1. Strong: a dynamic economy
Significant spending power, the spirit of innovation, its location at the heart of a dense transport network in the centre of Europe and highly skilled workers – all of these are benefits offered by Germany as a business location.
Science and research with a practical orientation and well-trained qualified professionals have generated an excellent environment for innovation – and as a result, Germany is one of the European leaders with 58,568 patent applications in 2021. Thanks to a per capita spending power of €24,807 in 2022 Germany ranks among the countries with the highest purchasing power in Europe – new ideas easily find a market here.
Many of these are generated by what is known as the Mittelstand. The Mittelstand is formed by the scores of small and medium-sized companies which are characteristic of Germany’s economy.
The German infrastructure will also make it easy for you to set up your own business. Roughly 830,000 km of roads, 38,400 km of railways and a modern telecommunications network will take you, your ideas and your products to your destination.
2. Stable: a good home for your ideas
As an entrepreneur in Germany, you can expect a stable political and economic environment for your ideas, which are protected by the law.
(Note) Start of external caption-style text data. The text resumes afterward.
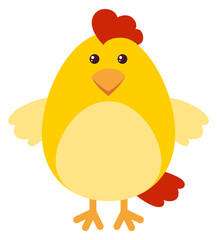Cute chicken on white background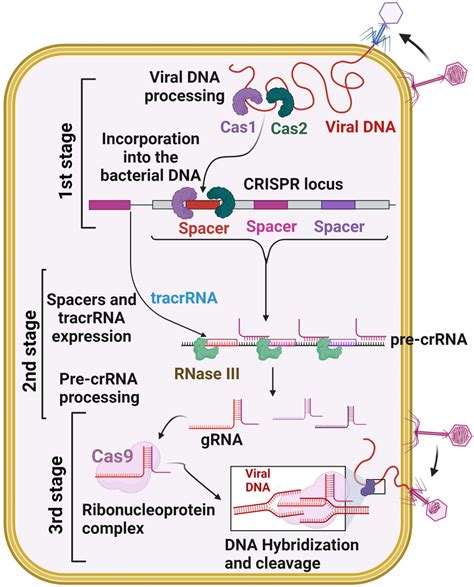 Crisprcas Adaptive Immunity System The Three Stages Such As Crispr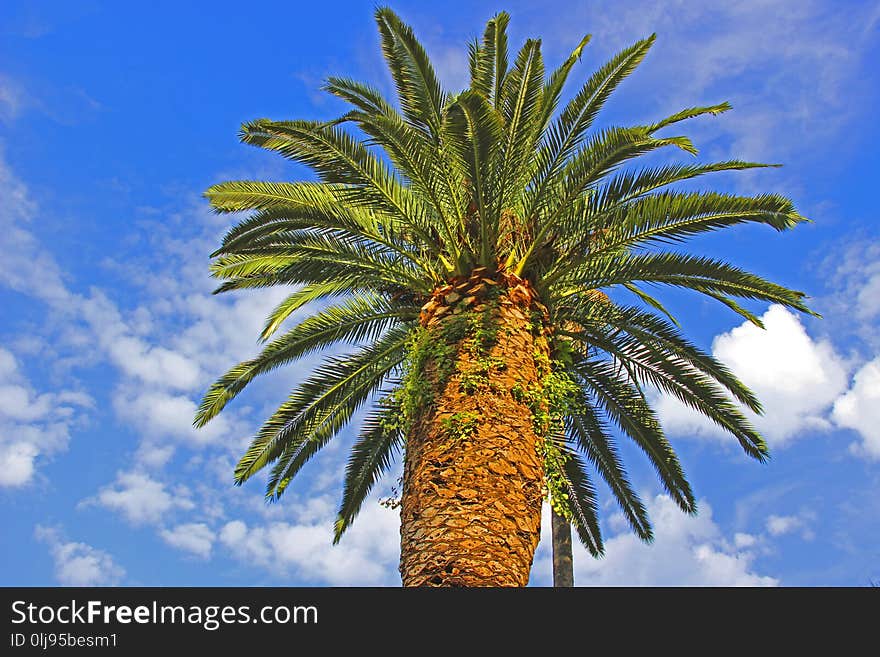 Tree palm against the radiant blue sky with white clouds. On a thick stem like a fan spread palm branches. Tree palm against the radiant blue sky with white clouds. On a thick stem like a fan spread palm branches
Inventions, company logos and concepts – in Germany, your intellectual property is protected. The Copyright Act, Patent Law and Trademark Law are all designed to safeguard what is probably your most valuable asset.
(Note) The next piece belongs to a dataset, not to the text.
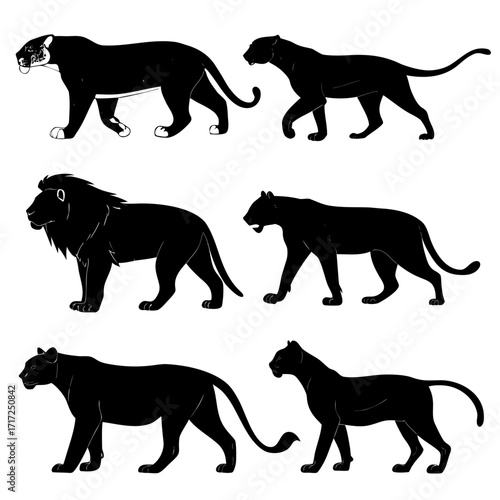 Photography Black wild cat collection wild cats lions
Economic policies also focus on protecting excellent ideas: Competition Law, for example, ensures that your competitors cannot make false claims about your products in order to attract customers for themselves.
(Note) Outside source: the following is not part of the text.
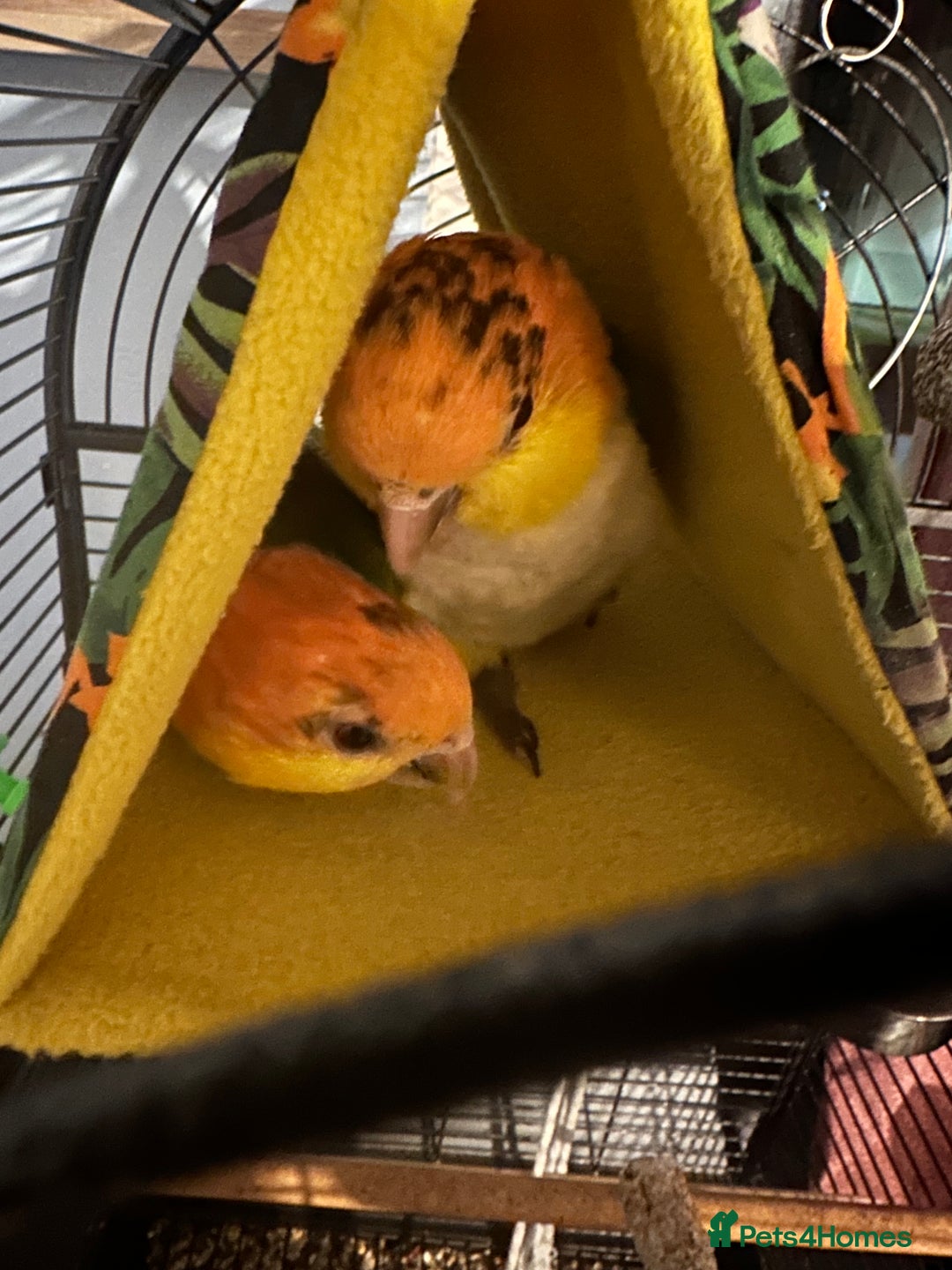 Parakeets birds for sale: Male and Female Caiques - Image 6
Germany not only defends the freedom of competition, but also the freedom of its citizens. The basis for this is the liberal democratic basic order, which determines that the people elect their representatives, while the separation of powers prevents the abuse of power.
These are the reasons why the German economy is as stable as it is: between 2016 and 2022, the number of employees subject to social insurance contributions rose by 3 million to around 34.3 million.